◆ **TRY IT**
Exact repetition of a range: find the line containing "05 11 2025, xophax, Fußball" and the line containing "Tata Altroz Creative S, 2025, Diesel" in the material below, then repeat both and all lines between them, leaving pictures out.

◆ **SUPPLIED RECORDS**
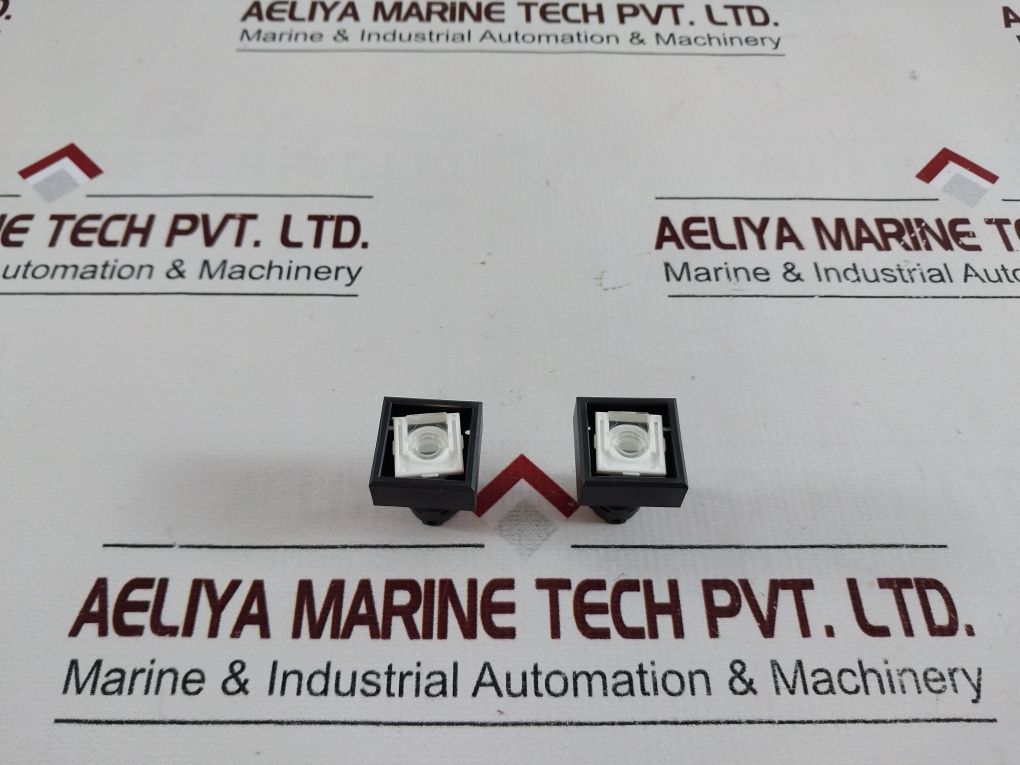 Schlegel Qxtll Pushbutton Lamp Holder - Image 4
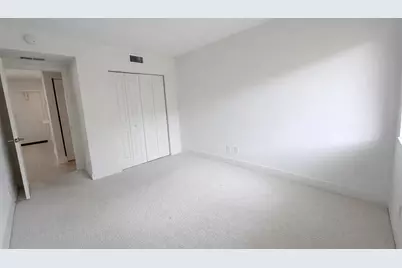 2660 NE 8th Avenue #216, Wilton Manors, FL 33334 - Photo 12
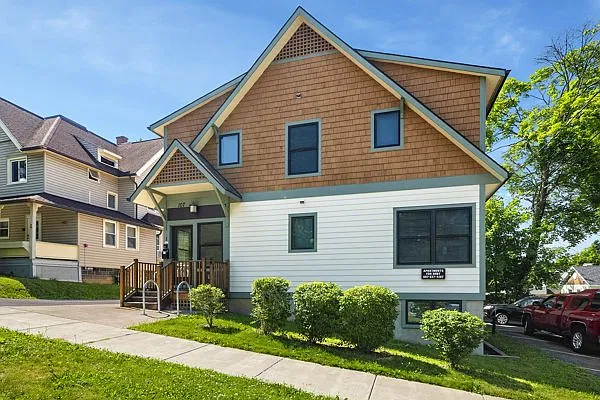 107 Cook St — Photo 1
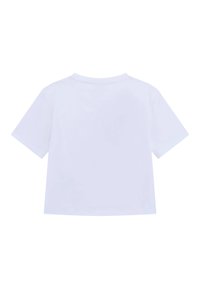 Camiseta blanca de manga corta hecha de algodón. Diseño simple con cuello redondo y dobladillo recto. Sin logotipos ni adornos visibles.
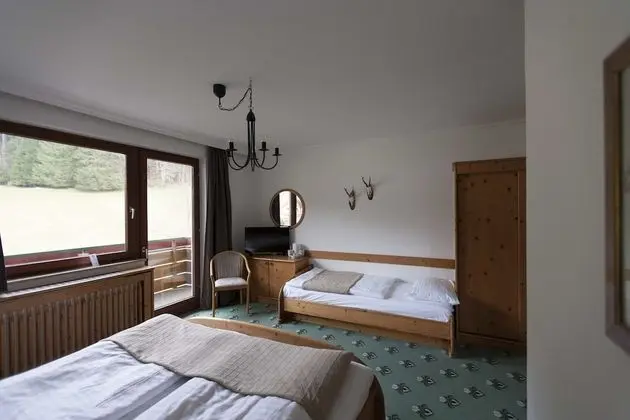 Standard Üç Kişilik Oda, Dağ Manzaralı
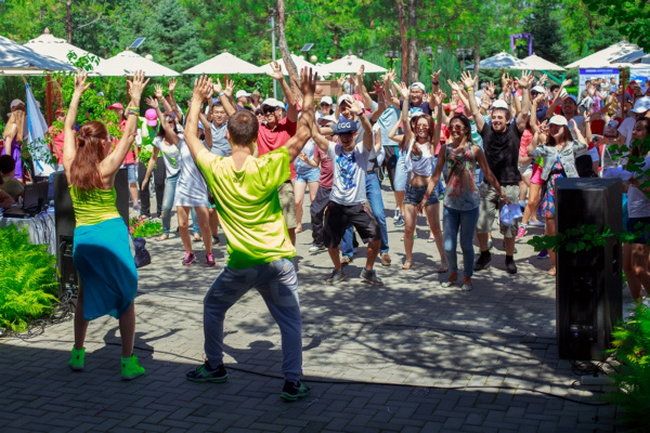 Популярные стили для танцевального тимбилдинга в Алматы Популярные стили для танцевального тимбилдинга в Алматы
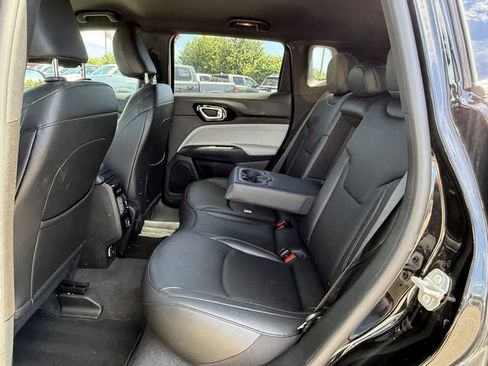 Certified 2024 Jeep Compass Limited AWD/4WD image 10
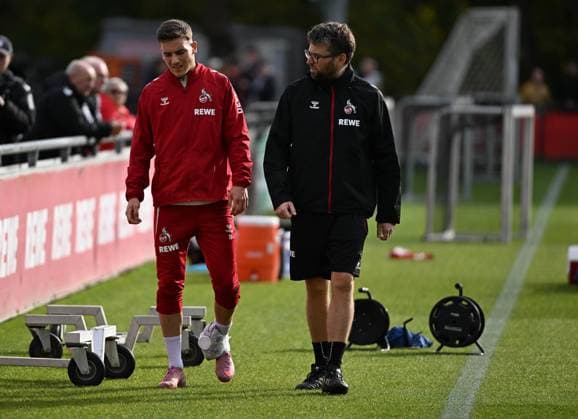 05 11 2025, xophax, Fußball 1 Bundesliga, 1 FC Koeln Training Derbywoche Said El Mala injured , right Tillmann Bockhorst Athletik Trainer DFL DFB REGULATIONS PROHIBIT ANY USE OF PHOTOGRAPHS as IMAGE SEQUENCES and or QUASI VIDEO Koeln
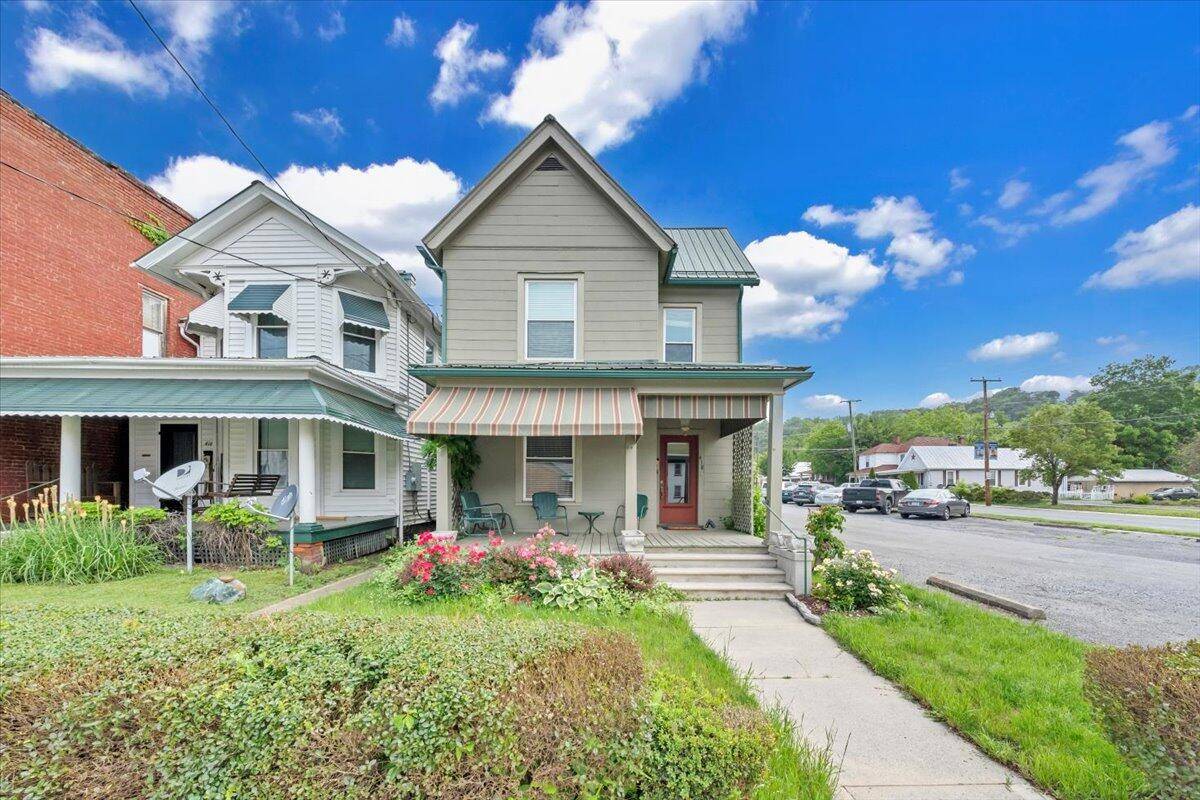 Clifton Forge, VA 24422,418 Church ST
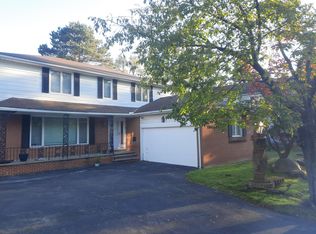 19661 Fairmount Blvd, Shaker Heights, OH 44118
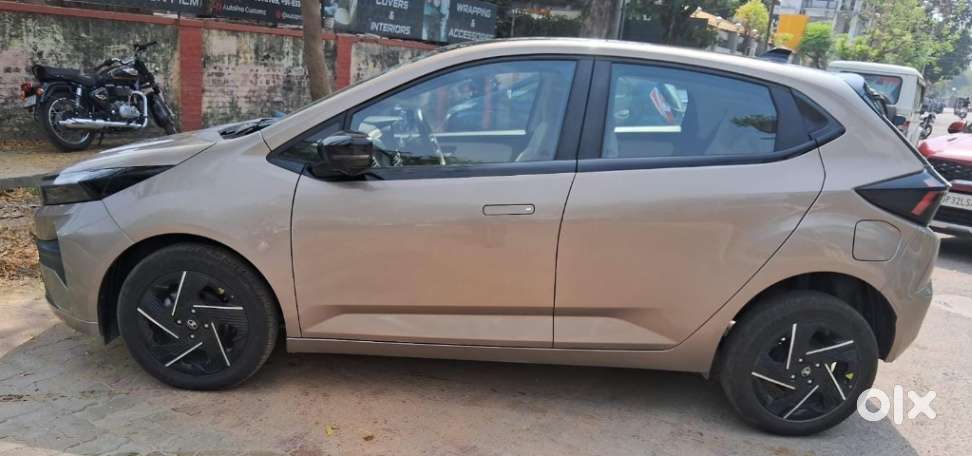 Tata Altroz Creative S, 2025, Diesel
* * *
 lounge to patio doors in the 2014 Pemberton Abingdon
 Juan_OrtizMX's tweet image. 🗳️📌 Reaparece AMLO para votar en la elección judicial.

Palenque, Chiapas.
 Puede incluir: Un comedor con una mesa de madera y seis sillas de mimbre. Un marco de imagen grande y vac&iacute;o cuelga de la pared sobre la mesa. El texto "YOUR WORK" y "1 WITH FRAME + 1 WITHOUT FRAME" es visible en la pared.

◆ **TASK ANSWER**
 05 11 2025, xophax, Fußball 1 Bundesliga, 1 FC Koeln Training Derbywoche Said El Mala injured , right Tillmann Bockhorst Athletik Trainer DFL DFB REGULATIONS PROHIBIT ANY USE OF PHOTOGRAPHS as IMAGE SEQUENCES and or QUASI VIDEO Koeln
 Clifton Forge, VA 24422,418 Church ST
 19661 Fairmount Blvd, Shaker Heights, OH 44118
 Tata Altroz Creative S, 2025, Diesel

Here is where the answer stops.